Just as the United States has a national security requirement to be capable of performing military missions in the air, on the ground, and on and under the sea, we similarly have a need to be able to get to space and to operate our space systems. If we lose the ability to get to space, we put our capacity to operate in the space domain at serious risk. Because of the decision made to get military payloads off the space shuttle following the 1986 Challenger disaster and because we were then in the Cold War, a number of already developed space launch systems came quickly into great prominence.
The Atlas and Titan programs provided ICBM-based space launch vehicles and the Delta program, which started life as the Thor IRBM did the same. However, these recycled rockets, especially Titan in its heavy-lift configuration, were not particularly responsive nor were they cheap. As their fly-out approached, this afforded the military space community an opportunity to envision cheaper, better, and faster ways of getting to space, which became the Evolved Expendable Launch Vehicle program. But the assumptions associated with the EELV program–that an “explosion” of commercial space activities would provide the military the ability to reduce its own launch costs by sharing expenses with other space launch users–has never come close to fulfillment. The lack of a robust U.S. commercial space launch industry for the size payloads the military and intelligence communities commonly flies has in fact resulted in massive EELV cost overruns and even more consolidation within the U.S. space launch service industry.

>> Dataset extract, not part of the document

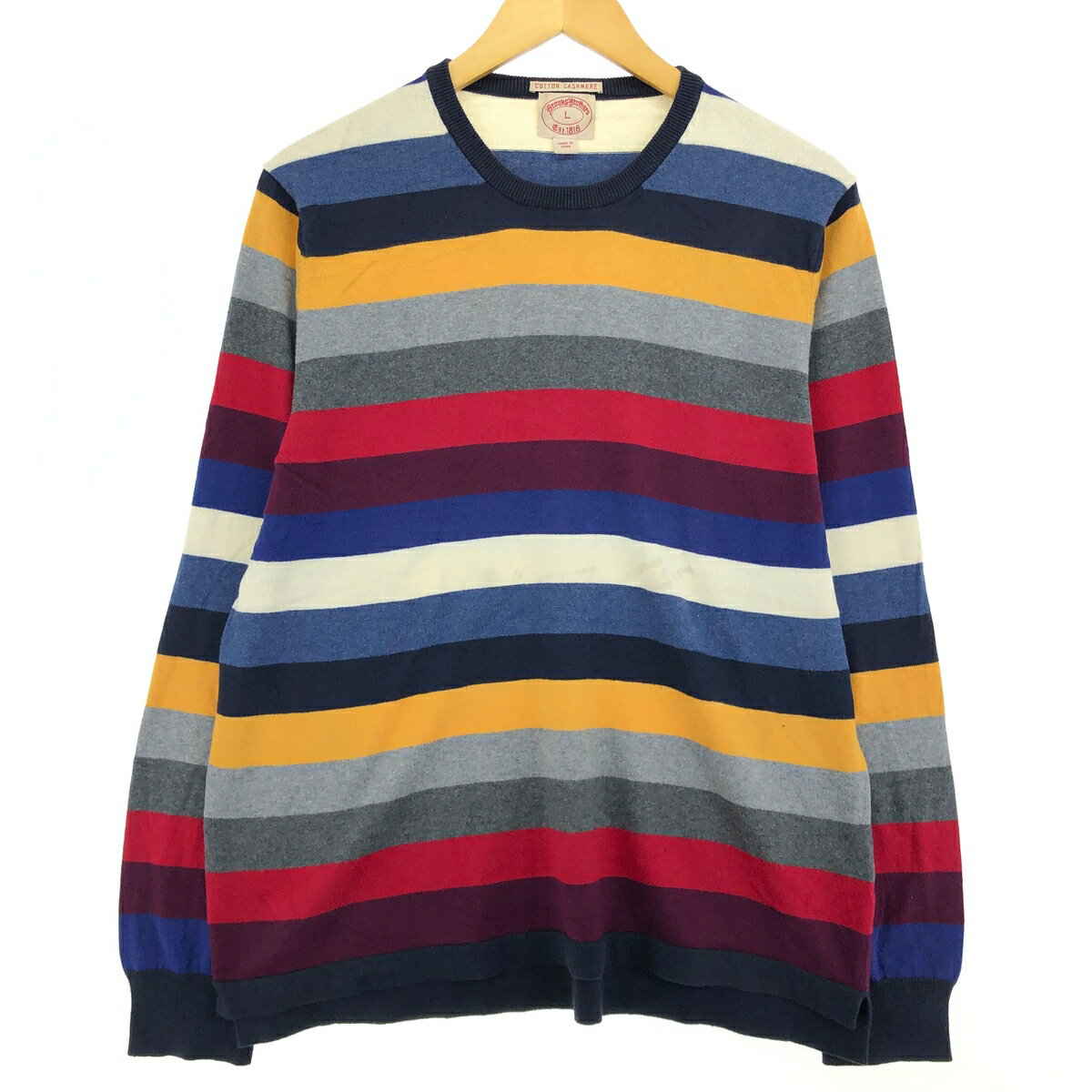 古着 ブルックスブラザーズ Brooks Brothers ボーダー柄 コットンニットセーター メンズL相当 /eaa468820 【中古】 【240922】 【SS2506_30】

Now, the high cost of getting to space (as well as the high cost of satellites and associated space systems) is dragging U.S. space programs back towards the mean. With the DoD space systems, this is the culmination of excessive rework, of a requirements process that has trends towards exquisite solutions, the planned use of not-ready technologies, funding instability, and too often, a lack of government and contractor proficiency. Other nations seem to lack many of the cost-busting challenges the U.S. suffers from including their reduced labor rates and less entangled bureaucracies.
Is there anything that can save us from reverting to the mean? In the long term–50 years or more–maybe not. However, if things are to improve in the next five years, it is almost certain to be caused by market-based competition from U.S. launch systems like SpaceX’s Falcon 9 or Orbital Sciences’ Taurus 2 launch vehicles, or OSC’s Peacekeeper ICBM-derived Minotaur 4 and 5 launch vehicles. These systems, using old-school rocketry like Falcon 9’s RP-1 (kerosene that’s been space-rated) and liquid oxygen burning engines and using similar proven concepts like recycling existing ICBM components a la the legacy Delta, Atlas, and Titan programs have an excellent chance to get our national space launch efforts back on a more affordable footing. While improvements in U.S. launch programs alone won’t preserve our space leadership, they are an essential and compelling starting point to do just that.